Jimmy Mizen's parents appeal for more support for youths
The parents of murdered teenager Jimmy Mizen have appealed for communities to support young people in order to quell the surge in violent crime.
Speaking on the 10th anniversary of their son's death, Barry and Margaret Mizen said using harsher punishments to cut violence "clearly doesn't work".
Jimmy bled to death in a bakery in Lee, south-east London, on 10 May 2008 when Jake Fahri threw an oven dish at him.
Sixty-two murder investigations have been launched by the Met this year.
At a memorial service at St George's Cathedral in Southwark, Mrs Mizen recalled Jimmy's death.
"He was really happy and three minutes later he was dead... Jimmy's life just ebbed away at that moment," she said.

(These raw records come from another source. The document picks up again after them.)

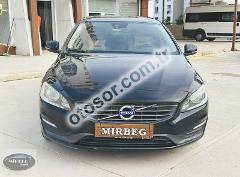 Volvo S60 1.6 D D2 Premium Powershift 115HP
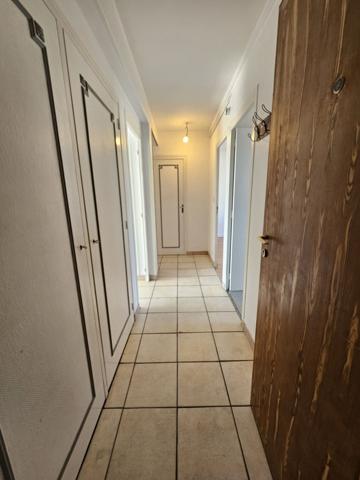 Appartement 3 pièces - 52 m² Exclusivité efficity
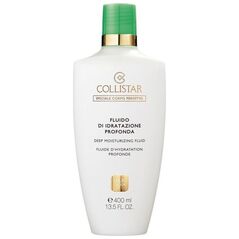 Collistar Special Perfect Body Deep Moisturizing Fluid 400ml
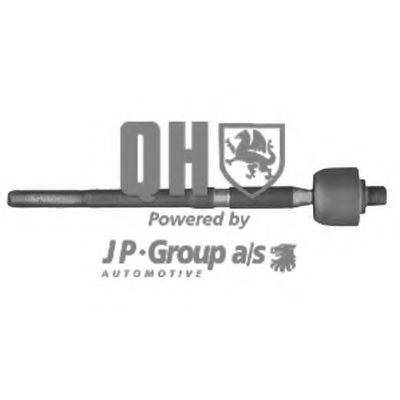 JP GROUP 3344501009 Осевой шарнир, рулевая тяга
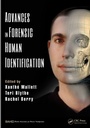 Cover: Advances in Forensic Human Identification - CRC Press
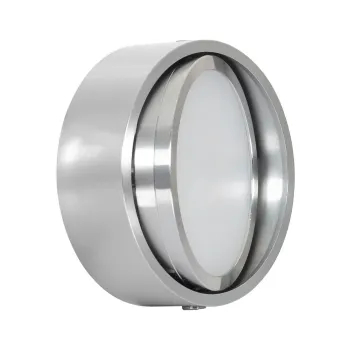 LED Möbelaufbauleuchte, 12V, 3W Stecksystem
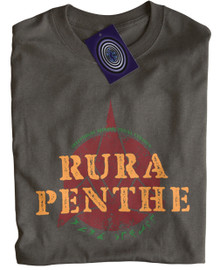 Rura Penthe T Shirt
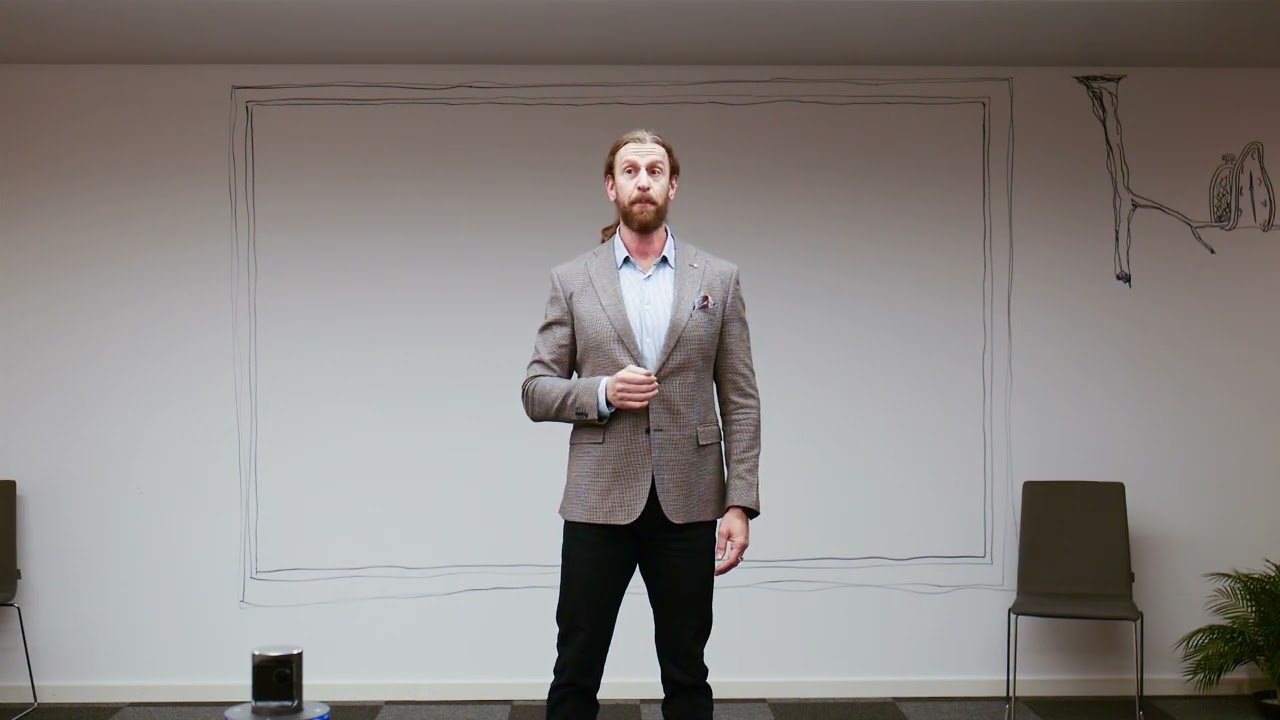 John Lund - Toastmasters District 108, Division B, Keynote speech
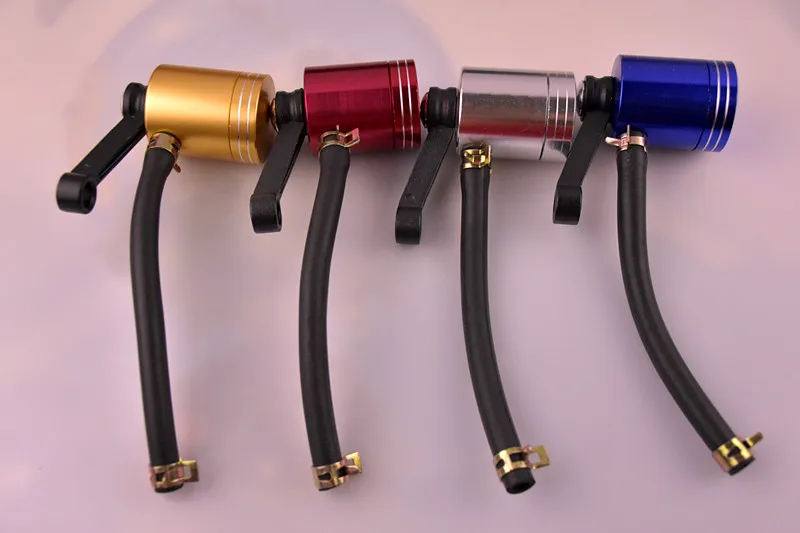 Motorcycle Front Brake Clutch Master Cylinder Fluid Reservoir Tank Oil Cup For Yamaha Honda Suzuki Kawasaki Ducati KTM | Автомобили и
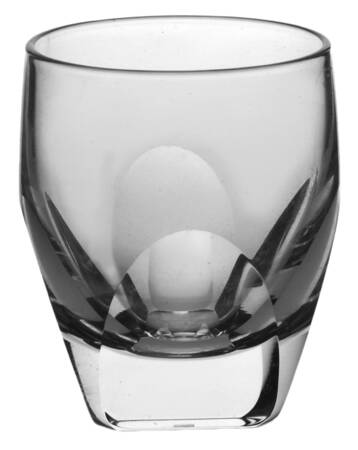 Aurora Shot Glass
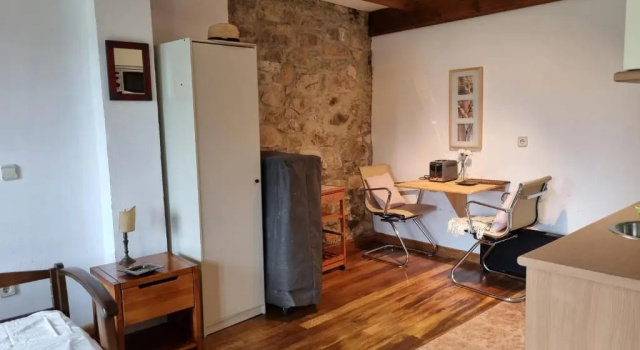 17A01 -Apartamento Caravia, Rezerwuj Hotel Bandalisque Hiszpania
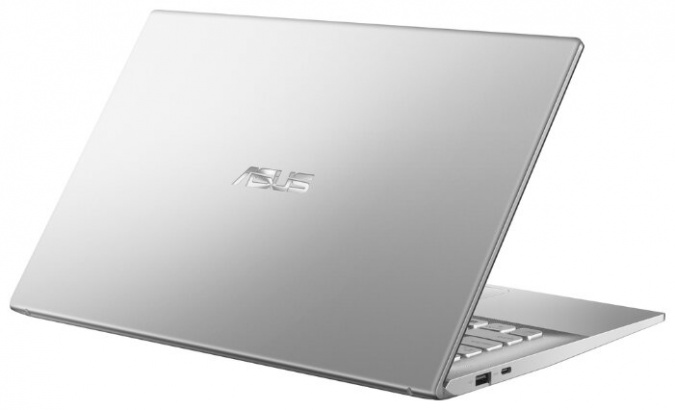 Ноутбук ASUS VivoBook X420FA-EB316T (90NB0K01-M06420), Transparent Silver фото 5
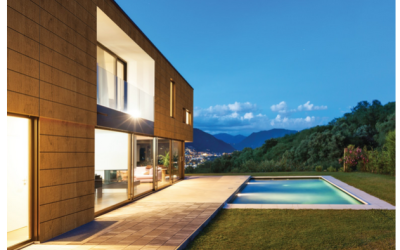 Common Wall Cladding Materials
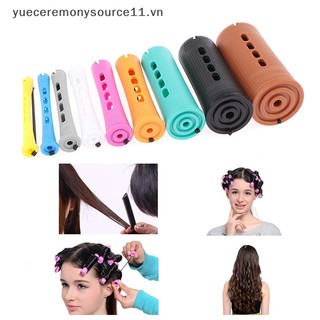 Set 6 / 10 Lô Uốn Tóc Gợn Sóng Lạnh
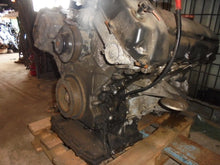 Laden Sie das Bild in den Galerie-Viewer, Motor Jaguar XK8 4.0 284PS 95TKm 2002 Benzin Engine Unkomplett MOT5505802310jz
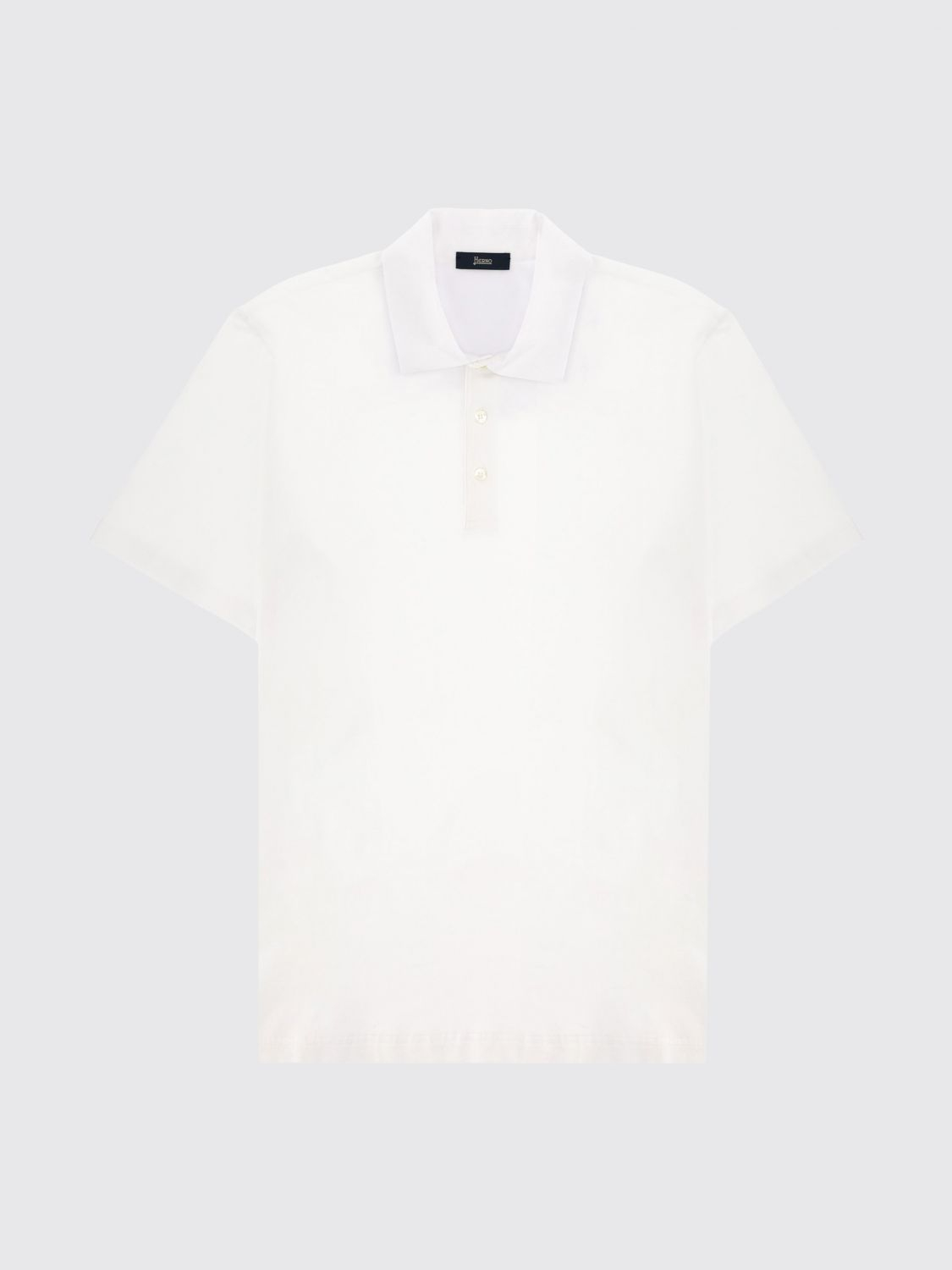 [Herno] T-shirts SS26 JPL00142U52003 1000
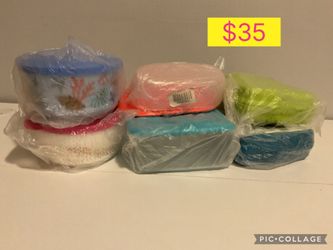 Tupperware Mixto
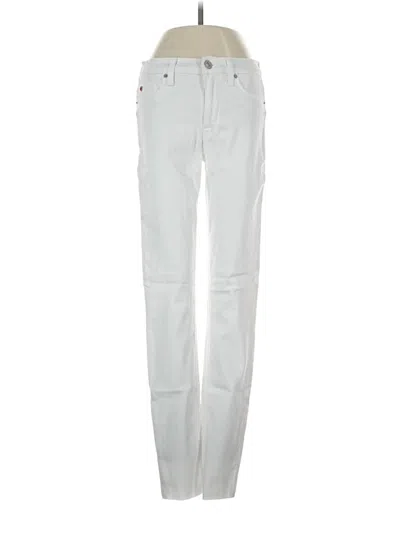 Pre-owned Hudson Jeans In Gray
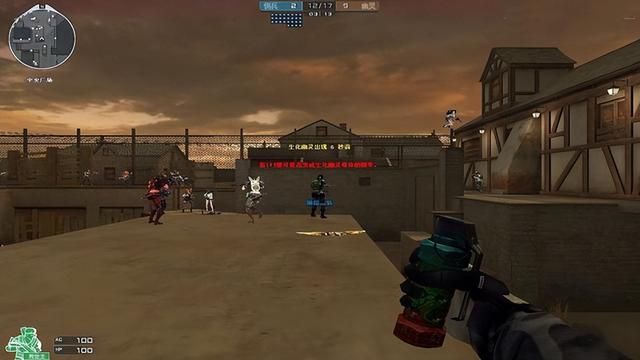 《穿越火线》重新上架老地图有望吗?现阶段难度较大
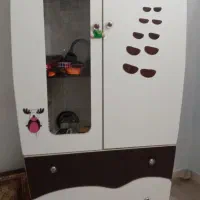 کمد بچه گانه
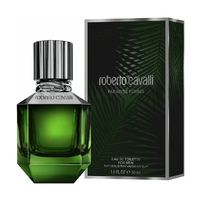 ROBERTO CAVALLI Paradise Found For Men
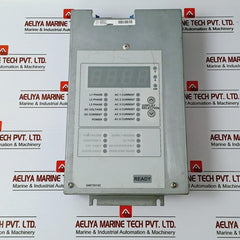 ABB OY DSSB-01C Control Unit 68300746 CP 8B 94V-0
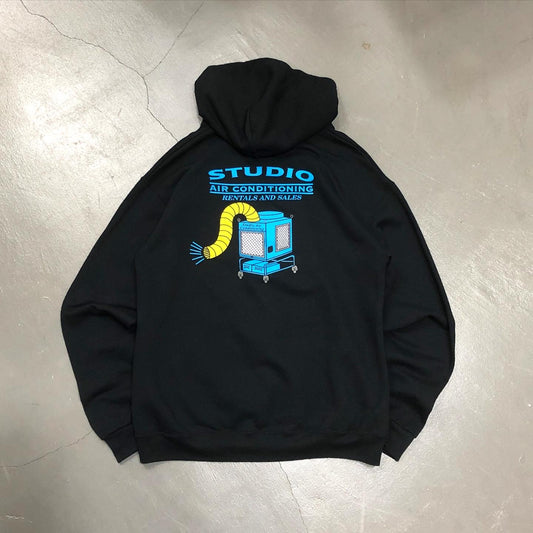 Studio Air Conditioning Staff Hoodie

Despite losing her son a day after his 16th birthday, she said it was "absolutely right" to forgive her son's killer, although she had done it "for myself".
"By forgiving him I'm able to do all the things I want to do, it allows me to look out the window and see the sun shining and the flowers blossoming."
Mrs Mizen also said it was important potential offenders learnt how violent crime "can ruin their lives as well."
"We've met many young people who have committed murder, they're not bad people, they've just made bad decisions."
Her husband Barry said it was "so important we don't give up" on helping young people.
"For us it's about a community response - what can we do to support our young people? Everything else seems to be failing."
The service was also attended by London Mayor Sadiq Khan and Met Police Commissioner Cressida Dick who called Jimmy's parents "incredibly inspiring".
"It's through and with young people that we will - we will - stop this horrific knife crime that's going on at the moment," she said.